--- Record excerpts ---

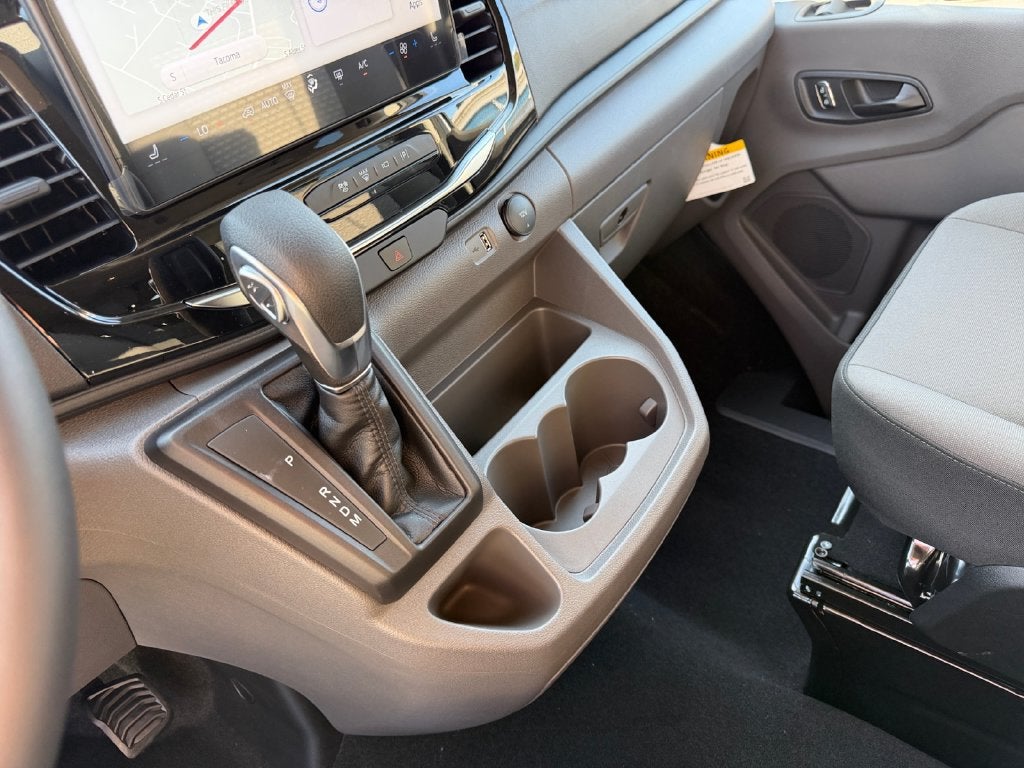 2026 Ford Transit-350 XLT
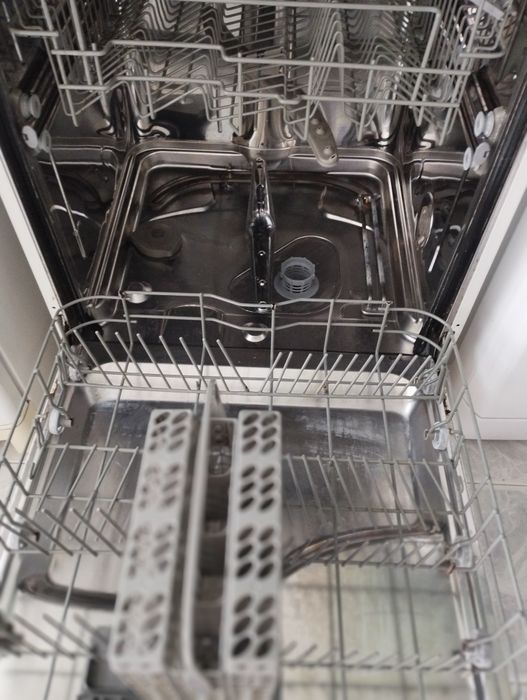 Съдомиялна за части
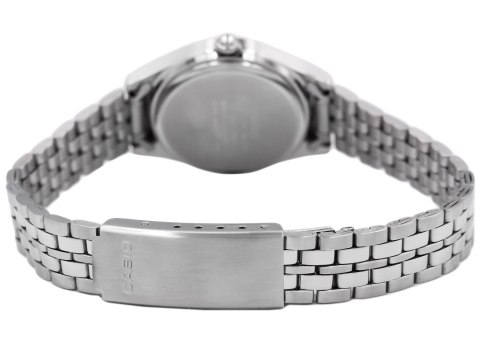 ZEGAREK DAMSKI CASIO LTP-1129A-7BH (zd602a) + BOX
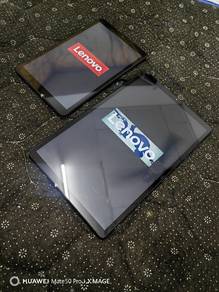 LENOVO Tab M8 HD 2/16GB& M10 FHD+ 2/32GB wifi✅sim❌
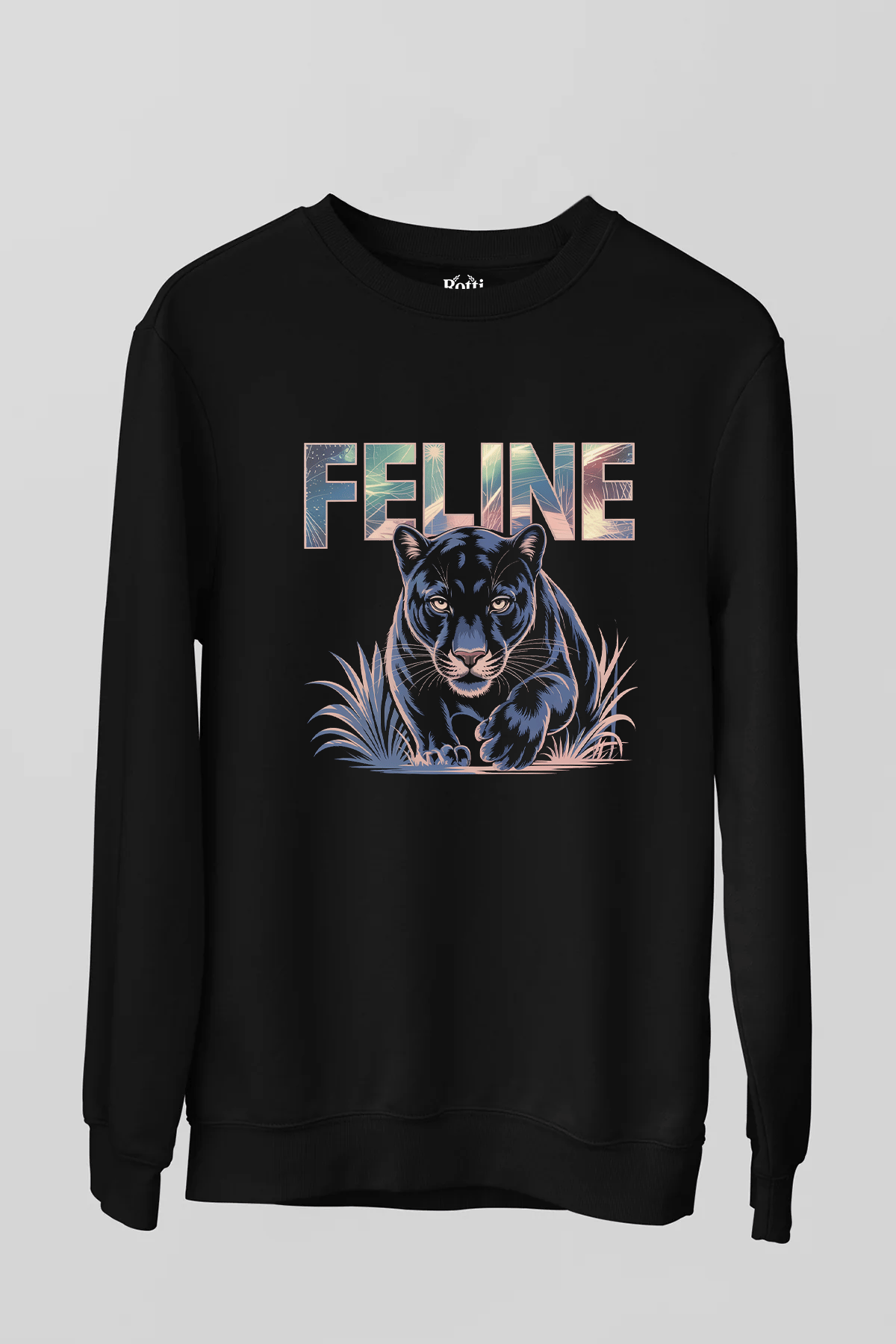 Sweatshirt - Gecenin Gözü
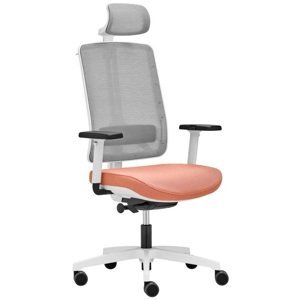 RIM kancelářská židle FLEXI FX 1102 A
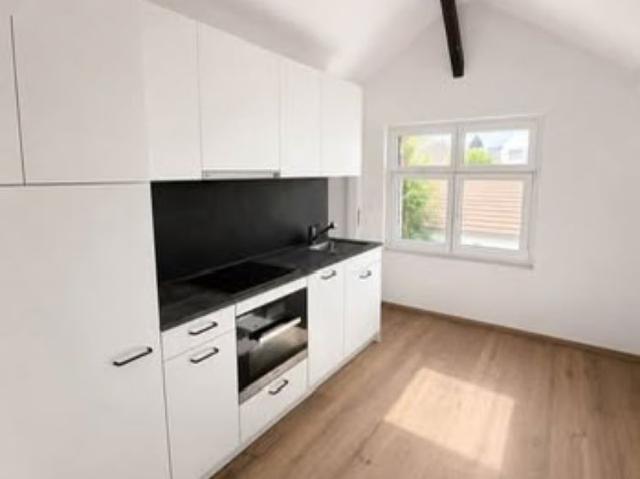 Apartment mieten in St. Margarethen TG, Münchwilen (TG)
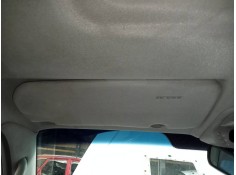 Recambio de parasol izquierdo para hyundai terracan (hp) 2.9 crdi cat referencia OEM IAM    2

---

# Required work
Exact copy required, pictures excluded: the lines from the one holding "RIM kancelářská židle FLEXI FX 1102 A" through the last line of the data, both ends included.

# Written answer
 RIM kancelářská židle FLEXI FX 1102 A
 Apartment mieten in St. Margarethen TG, Münchwilen (TG)
 Recambio de parasol izquierdo para hyundai terracan (hp) 2.9 crdi cat referencia OEM IAM    2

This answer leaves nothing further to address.